Independent Contractor Default Is Absolute
This trap appears as a wrong-answer choice in 1 active question. Spotting how it is built is the repair: read each example's “why it's attractive” before the “why it's wrong.”
Subject distribution
- Torts1
Example wrong choices
21752_olive_oil_ramp · TORTS · Choice ALampstand Studio is liable only if Lydia or one of her employees personally poured the oil on the ramp.
Why it's attractive
Students try to make the business liable only through its own hands. The Gold Key breaks that frame because a nondelegable safety duty can stay with the business even when the contractor created the hazard.
Why it's wrong
The answer invents a personal-creation prerequisite for business liability.
Spot it next time
When a duty is statutory or public-safety based, ask whether the duty stays with the hirer.
21752_olive_oil_ramp · TORTS · Choice BLampstand Studio has no possible liability because it hired an outside company to make the ramp safe.
Why it's attractive
Students remember that hirers usually are not liable for independent contractors. The word 'possible' overextends that default past the nondelegable-duty exception.
Why it's wrong
The answer pushes the independent-contractor default into a complete shield.
Spot it next time
Treat independent-contractor status as a default, then check for nondelegable duty.
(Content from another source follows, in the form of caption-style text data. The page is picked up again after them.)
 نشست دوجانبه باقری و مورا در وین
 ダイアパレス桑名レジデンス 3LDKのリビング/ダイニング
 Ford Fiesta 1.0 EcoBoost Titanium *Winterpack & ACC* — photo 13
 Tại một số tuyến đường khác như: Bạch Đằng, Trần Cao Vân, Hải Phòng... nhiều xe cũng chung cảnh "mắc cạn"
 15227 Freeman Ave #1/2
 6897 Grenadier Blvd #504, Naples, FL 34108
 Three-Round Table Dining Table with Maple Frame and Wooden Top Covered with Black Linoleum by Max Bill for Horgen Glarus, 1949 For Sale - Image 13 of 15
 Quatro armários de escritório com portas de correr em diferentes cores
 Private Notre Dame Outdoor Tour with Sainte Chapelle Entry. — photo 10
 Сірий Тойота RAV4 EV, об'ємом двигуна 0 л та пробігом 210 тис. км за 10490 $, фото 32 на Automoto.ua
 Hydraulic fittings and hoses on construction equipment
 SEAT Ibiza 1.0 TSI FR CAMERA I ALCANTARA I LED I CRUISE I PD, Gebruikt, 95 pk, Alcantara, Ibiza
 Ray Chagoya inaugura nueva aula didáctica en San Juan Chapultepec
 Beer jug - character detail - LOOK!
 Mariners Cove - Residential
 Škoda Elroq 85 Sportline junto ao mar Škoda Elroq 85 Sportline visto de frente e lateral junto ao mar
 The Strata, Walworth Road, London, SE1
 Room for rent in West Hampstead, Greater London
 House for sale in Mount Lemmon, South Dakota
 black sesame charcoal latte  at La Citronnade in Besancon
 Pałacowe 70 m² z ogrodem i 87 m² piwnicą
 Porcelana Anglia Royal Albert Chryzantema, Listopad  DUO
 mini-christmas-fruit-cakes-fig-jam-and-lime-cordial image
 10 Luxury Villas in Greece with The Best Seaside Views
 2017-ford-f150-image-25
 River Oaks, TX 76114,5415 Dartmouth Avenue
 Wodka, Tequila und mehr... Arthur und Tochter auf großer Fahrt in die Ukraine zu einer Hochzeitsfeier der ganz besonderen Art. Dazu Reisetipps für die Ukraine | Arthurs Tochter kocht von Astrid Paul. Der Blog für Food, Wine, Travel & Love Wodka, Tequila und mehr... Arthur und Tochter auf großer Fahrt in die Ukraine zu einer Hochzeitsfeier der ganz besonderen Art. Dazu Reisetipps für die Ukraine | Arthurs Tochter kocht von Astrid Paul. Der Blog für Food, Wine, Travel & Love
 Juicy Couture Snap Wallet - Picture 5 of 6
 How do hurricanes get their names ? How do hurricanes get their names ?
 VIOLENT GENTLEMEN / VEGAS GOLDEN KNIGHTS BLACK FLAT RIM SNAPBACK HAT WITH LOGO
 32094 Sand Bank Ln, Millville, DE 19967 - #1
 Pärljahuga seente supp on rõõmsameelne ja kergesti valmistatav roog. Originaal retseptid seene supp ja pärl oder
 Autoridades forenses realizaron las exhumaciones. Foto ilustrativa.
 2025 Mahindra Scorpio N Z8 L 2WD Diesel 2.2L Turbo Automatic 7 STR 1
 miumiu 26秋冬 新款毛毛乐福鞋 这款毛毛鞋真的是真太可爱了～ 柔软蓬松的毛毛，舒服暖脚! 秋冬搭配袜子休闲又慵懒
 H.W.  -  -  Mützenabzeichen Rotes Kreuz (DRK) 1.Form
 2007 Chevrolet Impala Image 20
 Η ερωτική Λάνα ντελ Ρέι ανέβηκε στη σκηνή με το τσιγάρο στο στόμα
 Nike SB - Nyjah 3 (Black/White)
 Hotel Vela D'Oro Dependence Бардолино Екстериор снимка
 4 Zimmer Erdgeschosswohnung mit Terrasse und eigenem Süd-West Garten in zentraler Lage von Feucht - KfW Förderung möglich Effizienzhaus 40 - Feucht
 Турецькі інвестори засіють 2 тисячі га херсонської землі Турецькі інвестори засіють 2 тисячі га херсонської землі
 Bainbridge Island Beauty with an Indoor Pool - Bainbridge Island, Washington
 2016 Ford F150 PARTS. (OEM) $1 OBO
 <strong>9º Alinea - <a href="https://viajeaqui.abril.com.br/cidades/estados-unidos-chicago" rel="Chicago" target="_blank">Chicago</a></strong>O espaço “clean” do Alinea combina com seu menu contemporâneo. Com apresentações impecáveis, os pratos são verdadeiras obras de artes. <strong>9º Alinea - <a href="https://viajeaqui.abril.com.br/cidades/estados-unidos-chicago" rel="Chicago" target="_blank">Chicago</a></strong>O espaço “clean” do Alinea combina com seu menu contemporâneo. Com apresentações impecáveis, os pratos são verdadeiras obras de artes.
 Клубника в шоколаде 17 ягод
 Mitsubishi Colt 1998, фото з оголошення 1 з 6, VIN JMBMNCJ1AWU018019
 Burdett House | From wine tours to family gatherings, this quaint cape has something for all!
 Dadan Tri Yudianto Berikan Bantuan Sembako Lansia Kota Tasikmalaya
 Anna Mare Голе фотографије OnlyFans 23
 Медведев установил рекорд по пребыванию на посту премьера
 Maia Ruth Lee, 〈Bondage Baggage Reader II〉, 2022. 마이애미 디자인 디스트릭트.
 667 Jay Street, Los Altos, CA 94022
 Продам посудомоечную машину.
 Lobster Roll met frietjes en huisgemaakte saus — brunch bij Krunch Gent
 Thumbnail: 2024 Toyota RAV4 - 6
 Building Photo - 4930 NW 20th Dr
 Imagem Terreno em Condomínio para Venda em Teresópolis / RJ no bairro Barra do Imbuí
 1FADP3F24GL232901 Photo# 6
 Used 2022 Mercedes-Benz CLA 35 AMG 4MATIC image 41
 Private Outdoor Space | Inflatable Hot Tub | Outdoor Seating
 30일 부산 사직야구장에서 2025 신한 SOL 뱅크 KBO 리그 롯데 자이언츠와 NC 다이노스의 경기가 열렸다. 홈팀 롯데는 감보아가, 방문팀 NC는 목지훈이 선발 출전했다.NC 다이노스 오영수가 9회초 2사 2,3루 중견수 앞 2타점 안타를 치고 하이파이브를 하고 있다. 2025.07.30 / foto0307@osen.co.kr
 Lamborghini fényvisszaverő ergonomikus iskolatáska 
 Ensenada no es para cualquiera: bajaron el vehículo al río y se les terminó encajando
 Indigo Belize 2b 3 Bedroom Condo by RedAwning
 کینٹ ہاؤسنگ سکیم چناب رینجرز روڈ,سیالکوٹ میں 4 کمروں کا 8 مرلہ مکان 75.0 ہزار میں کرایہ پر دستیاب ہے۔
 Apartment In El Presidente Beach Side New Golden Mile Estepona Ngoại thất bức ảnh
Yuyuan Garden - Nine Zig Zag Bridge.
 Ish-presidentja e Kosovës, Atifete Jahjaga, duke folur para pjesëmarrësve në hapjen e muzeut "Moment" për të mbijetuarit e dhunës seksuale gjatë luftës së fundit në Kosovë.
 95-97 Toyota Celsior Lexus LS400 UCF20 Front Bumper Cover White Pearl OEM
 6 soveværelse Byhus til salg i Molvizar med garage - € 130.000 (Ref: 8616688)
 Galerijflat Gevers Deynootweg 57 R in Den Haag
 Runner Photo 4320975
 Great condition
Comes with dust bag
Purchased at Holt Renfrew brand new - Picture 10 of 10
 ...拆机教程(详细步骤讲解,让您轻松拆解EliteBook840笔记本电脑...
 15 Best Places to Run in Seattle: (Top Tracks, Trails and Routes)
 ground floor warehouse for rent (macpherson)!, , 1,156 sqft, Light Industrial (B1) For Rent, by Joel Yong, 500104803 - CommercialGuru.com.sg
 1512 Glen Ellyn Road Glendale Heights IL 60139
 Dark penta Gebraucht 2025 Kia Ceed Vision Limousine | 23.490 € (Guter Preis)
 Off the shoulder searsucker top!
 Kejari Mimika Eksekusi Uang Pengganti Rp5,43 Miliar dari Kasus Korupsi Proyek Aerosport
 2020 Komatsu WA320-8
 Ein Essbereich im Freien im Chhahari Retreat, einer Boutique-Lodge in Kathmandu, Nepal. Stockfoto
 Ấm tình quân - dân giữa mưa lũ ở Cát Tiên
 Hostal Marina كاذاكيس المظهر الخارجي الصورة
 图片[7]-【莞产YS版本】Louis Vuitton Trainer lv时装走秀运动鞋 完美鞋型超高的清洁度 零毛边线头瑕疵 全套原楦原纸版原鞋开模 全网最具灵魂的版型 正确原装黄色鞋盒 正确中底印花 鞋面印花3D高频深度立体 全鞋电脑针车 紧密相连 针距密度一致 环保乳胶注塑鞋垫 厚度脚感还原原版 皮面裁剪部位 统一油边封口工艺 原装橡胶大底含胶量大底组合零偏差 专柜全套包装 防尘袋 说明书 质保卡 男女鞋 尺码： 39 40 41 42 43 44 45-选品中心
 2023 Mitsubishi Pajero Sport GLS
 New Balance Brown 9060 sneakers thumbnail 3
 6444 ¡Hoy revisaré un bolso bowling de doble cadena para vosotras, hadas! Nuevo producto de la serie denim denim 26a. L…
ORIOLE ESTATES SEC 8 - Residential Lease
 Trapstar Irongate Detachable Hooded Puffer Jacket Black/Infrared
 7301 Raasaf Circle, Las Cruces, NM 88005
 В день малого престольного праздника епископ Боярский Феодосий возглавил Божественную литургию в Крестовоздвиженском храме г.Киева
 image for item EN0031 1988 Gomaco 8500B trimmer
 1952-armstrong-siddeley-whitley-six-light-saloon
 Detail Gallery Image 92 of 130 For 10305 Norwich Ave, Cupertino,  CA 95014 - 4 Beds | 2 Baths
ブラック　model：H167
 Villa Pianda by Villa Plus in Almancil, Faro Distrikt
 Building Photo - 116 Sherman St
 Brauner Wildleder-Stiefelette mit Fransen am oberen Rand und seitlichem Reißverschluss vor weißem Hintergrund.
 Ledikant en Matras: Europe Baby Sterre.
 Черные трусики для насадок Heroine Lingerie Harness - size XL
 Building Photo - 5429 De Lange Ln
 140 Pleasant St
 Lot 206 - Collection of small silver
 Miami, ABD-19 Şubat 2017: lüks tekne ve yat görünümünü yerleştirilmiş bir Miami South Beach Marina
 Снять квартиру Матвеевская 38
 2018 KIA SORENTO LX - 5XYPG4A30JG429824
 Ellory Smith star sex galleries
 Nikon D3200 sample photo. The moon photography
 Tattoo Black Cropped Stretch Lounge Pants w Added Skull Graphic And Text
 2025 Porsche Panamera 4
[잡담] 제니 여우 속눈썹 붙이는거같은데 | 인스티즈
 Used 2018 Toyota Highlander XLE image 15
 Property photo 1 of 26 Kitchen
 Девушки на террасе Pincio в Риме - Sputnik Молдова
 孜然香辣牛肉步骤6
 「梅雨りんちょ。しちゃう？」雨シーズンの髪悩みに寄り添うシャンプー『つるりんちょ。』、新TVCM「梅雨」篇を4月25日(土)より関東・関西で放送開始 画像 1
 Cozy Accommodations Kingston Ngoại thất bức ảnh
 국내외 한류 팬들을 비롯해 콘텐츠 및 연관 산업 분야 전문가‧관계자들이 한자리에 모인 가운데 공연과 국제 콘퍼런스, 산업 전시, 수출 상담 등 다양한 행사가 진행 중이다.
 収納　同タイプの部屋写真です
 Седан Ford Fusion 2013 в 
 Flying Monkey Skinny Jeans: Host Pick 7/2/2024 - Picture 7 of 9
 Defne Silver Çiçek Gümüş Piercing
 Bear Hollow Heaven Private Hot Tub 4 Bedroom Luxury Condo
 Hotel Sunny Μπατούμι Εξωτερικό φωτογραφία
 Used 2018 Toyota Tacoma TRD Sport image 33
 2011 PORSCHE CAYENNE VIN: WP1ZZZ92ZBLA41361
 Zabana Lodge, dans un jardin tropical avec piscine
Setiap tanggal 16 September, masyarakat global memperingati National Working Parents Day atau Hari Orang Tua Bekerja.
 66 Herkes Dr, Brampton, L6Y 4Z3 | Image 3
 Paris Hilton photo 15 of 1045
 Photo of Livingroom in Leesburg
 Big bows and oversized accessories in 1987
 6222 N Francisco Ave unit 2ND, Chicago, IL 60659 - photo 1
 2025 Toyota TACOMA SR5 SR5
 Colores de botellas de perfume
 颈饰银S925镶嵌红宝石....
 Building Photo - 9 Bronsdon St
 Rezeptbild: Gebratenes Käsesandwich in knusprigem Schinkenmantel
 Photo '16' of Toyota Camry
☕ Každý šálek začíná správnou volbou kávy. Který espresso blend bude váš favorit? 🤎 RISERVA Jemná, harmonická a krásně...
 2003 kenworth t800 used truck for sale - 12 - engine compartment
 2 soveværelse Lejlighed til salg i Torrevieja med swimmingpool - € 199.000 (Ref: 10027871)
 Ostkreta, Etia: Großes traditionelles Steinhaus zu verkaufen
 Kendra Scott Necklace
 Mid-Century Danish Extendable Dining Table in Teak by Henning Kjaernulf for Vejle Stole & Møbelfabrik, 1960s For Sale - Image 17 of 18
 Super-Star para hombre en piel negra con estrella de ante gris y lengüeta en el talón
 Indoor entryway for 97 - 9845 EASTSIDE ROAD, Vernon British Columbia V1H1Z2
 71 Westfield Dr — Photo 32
21752_olive_oil_ramp · TORTS · Choice DLampstand Studio is liable because every outside company that works at a public business is treated as the business’s employee.
Why it's attractive
Students see a business premise and convert outside workers into employees. The word 'every' is the overclaim; nondelegable duty is a narrower route than employee status.
Why it's wrong
The answer says every outside company is treated as an employee.
Spot it next time
Cut 'every' and look for the narrower liability route.